▸ **Task description**: Repeat, exactly and alone, every line from the line that contains "موبايل *********** السعر ٤٩$" to the end of the entries.

Scraped caption text data:
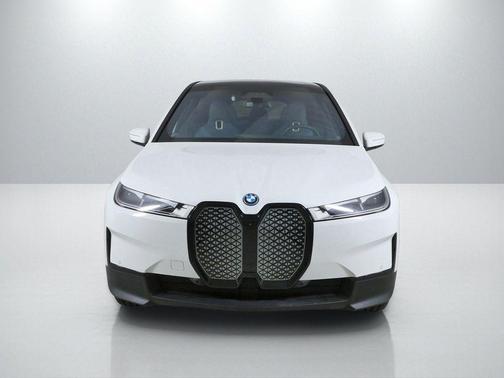 Alpine White 2024 BMW iX xDrive50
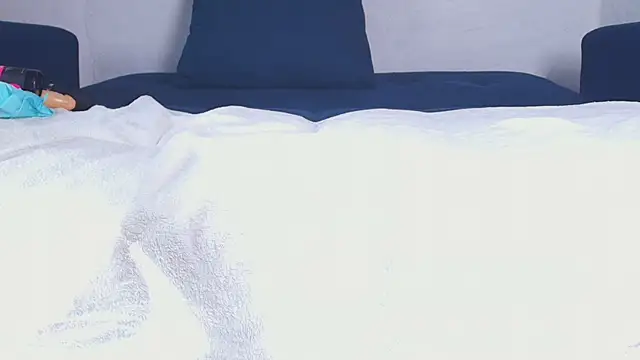 couplelove543 online show from 09/26/25, 01:04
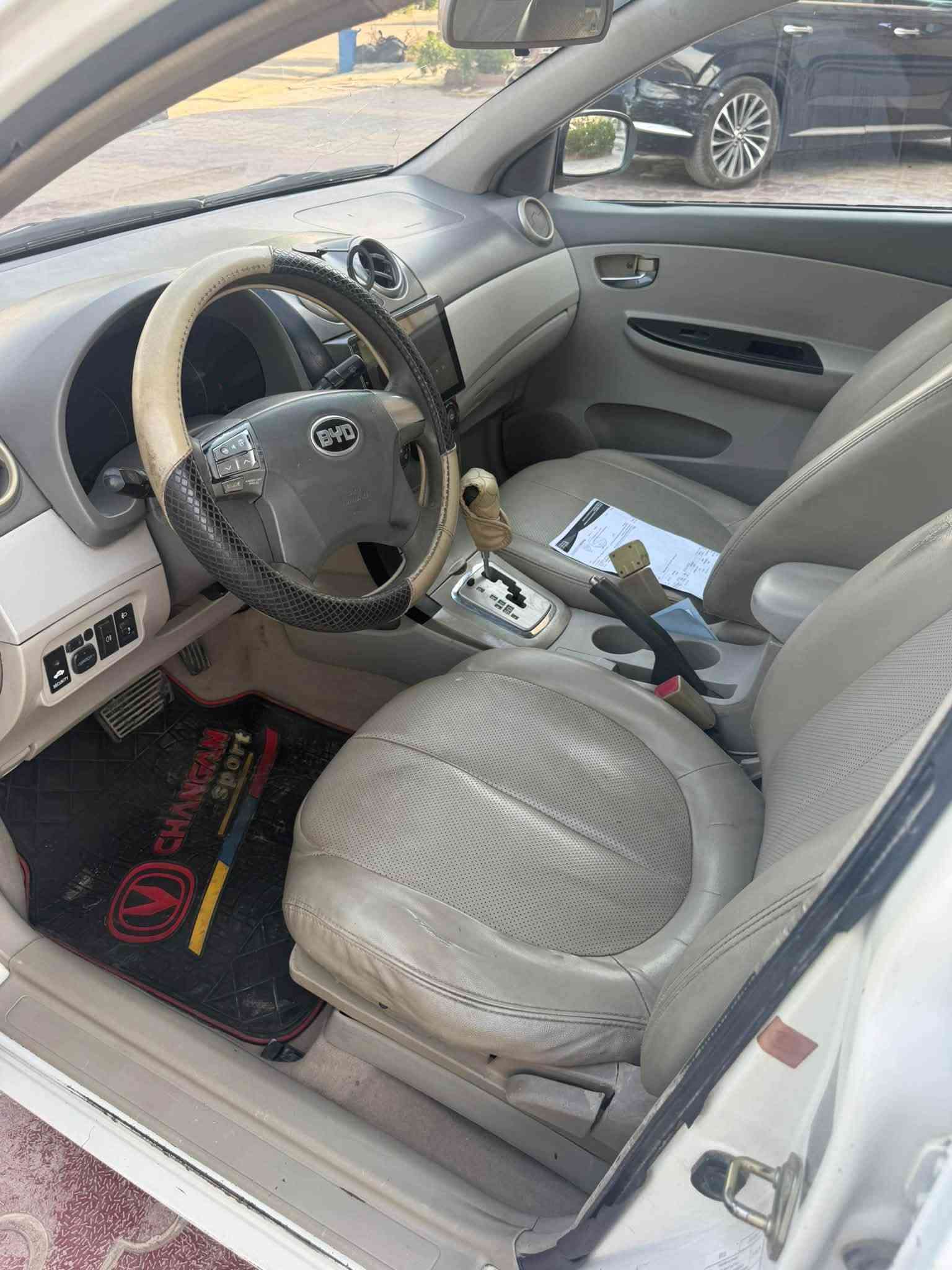 بي واي دي جي اثري اوتو رقم بغداد انكليزي الجديد ٢٠١٣
مابيها  اي نقص كير مكينه كله تمام تخم تاير جديد مكينه ١٨٠٠ كير أوتو داخل نظيف جداً كشنات جلد بلاد تحكم ستيرن فتحه كهرباء شاشه كامره سياره كلش نظيفه اشاير بلمري رسائل ترحيب مكان السياره حي العامل عالسريع الملحانيه قرب مسبح الرافدين موبايل *********** السعر ٤٩$
 وبيها مجال حك الجيه تحويل ثاني يوم

نص مكتوب في الصور:
- ٤:٢٥ م
- ٤:٢٦ م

▸ **Response area**:
مابيها  اي نقص كير مكينه كله تمام تخم تاير جديد مكينه ١٨٠٠ كير أوتو داخل نظيف جداً كشنات جلد بلاد تحكم ستيرن فتحه كهرباء شاشه كامره سياره كلش نظيفه اشاير بلمري رسائل ترحيب مكان السياره حي العامل عالسريع الملحانيه قرب مسبح الرافدين موبايل *********** السعر ٤٩$
 وبيها مجال حك الجيه تحويل ثاني يوم

نص مكتوب في الصور:
- ٤:٢٥ م
- ٤:٢٦ م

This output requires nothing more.